▸ **Items from a data source**:
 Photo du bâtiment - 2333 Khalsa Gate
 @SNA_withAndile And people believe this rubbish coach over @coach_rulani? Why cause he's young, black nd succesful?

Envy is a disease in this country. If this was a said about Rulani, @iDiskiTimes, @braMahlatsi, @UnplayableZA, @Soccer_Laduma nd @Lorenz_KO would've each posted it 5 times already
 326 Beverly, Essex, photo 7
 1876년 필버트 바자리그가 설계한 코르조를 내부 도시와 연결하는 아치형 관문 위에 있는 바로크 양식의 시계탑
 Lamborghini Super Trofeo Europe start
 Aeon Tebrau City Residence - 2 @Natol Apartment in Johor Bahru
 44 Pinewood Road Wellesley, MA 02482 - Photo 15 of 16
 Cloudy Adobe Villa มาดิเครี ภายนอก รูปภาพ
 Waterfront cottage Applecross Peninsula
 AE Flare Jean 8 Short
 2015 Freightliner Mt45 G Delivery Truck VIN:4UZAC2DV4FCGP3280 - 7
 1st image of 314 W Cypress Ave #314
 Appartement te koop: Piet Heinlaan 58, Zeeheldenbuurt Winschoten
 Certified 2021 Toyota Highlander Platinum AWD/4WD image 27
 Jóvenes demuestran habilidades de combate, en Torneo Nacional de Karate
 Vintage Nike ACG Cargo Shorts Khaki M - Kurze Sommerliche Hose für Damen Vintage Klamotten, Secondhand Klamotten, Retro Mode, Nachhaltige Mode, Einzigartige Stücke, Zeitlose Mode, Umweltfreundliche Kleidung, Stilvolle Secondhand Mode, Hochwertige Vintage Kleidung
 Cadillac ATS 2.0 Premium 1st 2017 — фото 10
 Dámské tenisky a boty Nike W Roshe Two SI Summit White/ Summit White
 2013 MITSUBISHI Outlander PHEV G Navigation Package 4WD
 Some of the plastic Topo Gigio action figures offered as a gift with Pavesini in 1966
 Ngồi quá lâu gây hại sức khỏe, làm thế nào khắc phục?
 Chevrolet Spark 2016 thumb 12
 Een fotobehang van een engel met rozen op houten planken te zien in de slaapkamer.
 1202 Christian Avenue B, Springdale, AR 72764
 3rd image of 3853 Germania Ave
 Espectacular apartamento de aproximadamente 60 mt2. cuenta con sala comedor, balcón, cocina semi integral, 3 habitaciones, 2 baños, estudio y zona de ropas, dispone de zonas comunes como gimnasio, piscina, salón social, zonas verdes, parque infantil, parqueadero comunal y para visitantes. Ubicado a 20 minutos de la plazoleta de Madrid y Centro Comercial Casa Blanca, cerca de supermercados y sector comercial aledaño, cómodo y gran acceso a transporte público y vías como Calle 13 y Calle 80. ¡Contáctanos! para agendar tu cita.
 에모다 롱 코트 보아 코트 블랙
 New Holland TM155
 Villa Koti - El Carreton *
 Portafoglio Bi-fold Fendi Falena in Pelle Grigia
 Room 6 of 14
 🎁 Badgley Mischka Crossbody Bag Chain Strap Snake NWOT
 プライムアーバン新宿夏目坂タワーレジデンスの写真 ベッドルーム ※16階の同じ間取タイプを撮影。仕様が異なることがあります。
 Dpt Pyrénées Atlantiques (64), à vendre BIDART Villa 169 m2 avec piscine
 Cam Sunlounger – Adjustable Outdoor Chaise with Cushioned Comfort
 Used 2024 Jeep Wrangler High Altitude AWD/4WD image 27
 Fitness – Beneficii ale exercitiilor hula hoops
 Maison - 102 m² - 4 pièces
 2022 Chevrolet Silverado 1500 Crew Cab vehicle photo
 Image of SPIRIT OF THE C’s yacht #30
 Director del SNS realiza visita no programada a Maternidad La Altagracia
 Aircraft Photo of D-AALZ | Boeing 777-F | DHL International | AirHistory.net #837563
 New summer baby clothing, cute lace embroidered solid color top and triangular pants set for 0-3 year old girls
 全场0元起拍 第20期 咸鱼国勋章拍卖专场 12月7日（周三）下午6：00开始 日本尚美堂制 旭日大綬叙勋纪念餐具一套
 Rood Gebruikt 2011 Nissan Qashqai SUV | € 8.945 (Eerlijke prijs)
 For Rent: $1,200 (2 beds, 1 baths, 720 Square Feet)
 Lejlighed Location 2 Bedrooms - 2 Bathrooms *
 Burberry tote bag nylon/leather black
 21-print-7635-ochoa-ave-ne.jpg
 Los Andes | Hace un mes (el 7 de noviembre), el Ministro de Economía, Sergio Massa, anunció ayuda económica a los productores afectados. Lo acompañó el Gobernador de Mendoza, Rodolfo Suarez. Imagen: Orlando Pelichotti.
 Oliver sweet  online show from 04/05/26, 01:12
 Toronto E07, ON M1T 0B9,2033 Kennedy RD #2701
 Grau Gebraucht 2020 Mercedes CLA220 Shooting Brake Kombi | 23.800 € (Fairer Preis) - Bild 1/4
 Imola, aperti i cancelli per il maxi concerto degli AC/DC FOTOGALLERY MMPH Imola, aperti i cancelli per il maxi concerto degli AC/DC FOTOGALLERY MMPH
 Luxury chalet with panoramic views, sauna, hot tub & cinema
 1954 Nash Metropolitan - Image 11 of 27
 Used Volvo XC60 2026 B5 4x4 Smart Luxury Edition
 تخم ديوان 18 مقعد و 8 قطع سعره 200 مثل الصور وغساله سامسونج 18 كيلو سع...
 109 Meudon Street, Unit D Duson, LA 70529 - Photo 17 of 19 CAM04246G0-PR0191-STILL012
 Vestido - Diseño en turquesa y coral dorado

▸ **Task directions**:
If a line in the entries above contains the word "Used", copy it.

▸ **Written response**:
 Used 2024 Jeep Wrangler High Altitude AWD/4WD image 27
 Used Volvo XC60 2026 B5 4x4 Smart Luxury Edition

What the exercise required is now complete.